June 23, 1989 became a reinvention of modern cinema with Tim Burton's "Batman" film redefining the summer blockbuster film, while paving the way for our current flood of superhero based films.
As a dedicated film enthusiast, I have always been fascinated by the "summer blockbuster." What is going to be the big film of each year? While Batman became the undisputed top contender, 1989 was a remarkable year for movies. When Batman hit Cinema IV in Corsicana, the marquee was a dream team of beloved franchises: Batman, Indiana Jones and the Last Crusade, Ghostbusters II, and Star Trek V: The Final Frontier (to be fair, Part 5 was not the series' finest moment, but it's done little to diminish my fondness for William Shatner).
I remember sitting in one of those split theater in Cinema IV. The air and my soda were cold, my popcorn was fresh, and as soon as Danny Elfman's ominous score framed the giant bat-logo, I was hooked.
So was the rest of the country that summer. "Bat-Mania" was a genuine phenomenon. Everyone wanted to take part in the action. If it wasn't lace up hi-tops and t-shirts, it was kids getting bat symbols shaved in their hair. There were two soundtracks for the film: The aforementioned Danny Elfman score, and a collection of music from Prince that highlighted the Joker's more dastardly cinematic schemes.

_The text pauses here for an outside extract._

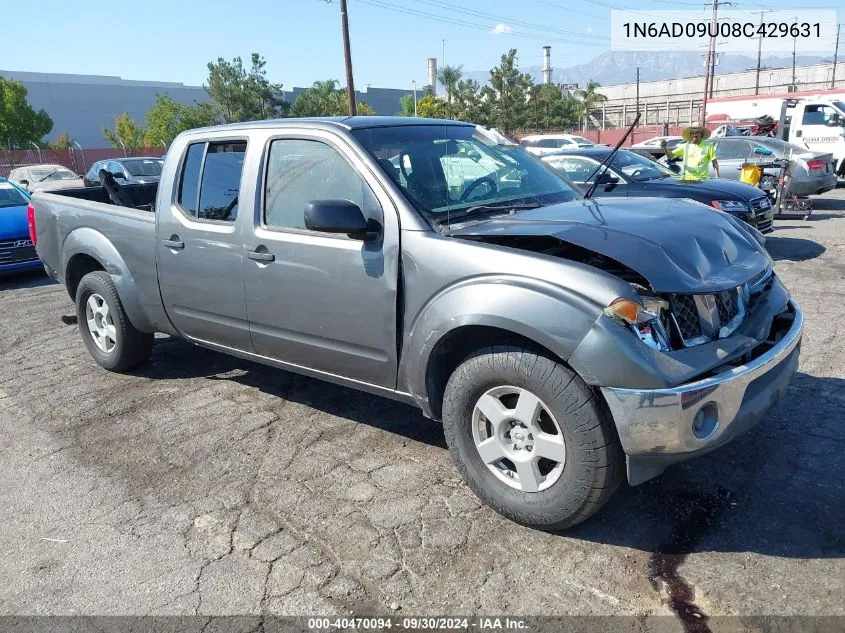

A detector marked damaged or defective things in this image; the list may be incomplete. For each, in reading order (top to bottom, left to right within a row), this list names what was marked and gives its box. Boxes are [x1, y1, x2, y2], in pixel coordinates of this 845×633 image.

crumpled hood [448, 196, 772, 292]
broken headlight [604, 296, 668, 350]
cracked asphalt [0, 189, 840, 624]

Even Corsicana wasn't immune to this pop culture craze. Deb's Doll House promoted Batman-themed watches. John Roberts of Movieland ran a full page "Corsicana City News" ad claiming that Batman had saved the video rental store from all of Gotham's worst villains (and while you're at it, check out Texas Best Yogurt and his Midway Arcade). If you went to the old K-Mart or College Park Mall, Batman. Hung out with friends, Batman. If you weren't a fan of the pointy-eared crimefighter, you were out of luck that year.
Looking back past all of the hype and marks on pop culture, it's still one of my favorite all-time films. From the dark Gothic aesthetic of a city in ruin to the great music, the remarkable design of the Batmobile (one of my all-time favorites), to the casting of Jack Nicholson as the Joker. Jokers have come and gone throughout cinema history, but Jack is "my" Joker. There is such a sense of absurd lunacy mixed with spontaneous malice that remains one of the best representations of the iconic villain.
Michael Keaton turned out to be another great choice as the dual role of Bruce Wayne and Batman. While the movie was in production, there were actually signed petitions being passed around imploring Warner Bros. to recast the Dark Knight. This was back in the days before the internet, and much less social media, was a household item, so the chance for someone to unleash their inner cranky back then wasn't as instantly rewarded like it is now.
There were issues with the film, of course. Female lead and love interest Vicki Vale (Kim Basinger) could have been given something more to do than scream at everything as a general reaction (a femme fatale would have been a nice touch), and try as I may, Alfred (Michael Gough) letting random people into the Batcave was the biggest face-palm of the entire film (at least they had the good humor to poke fun at that scene in the sequel).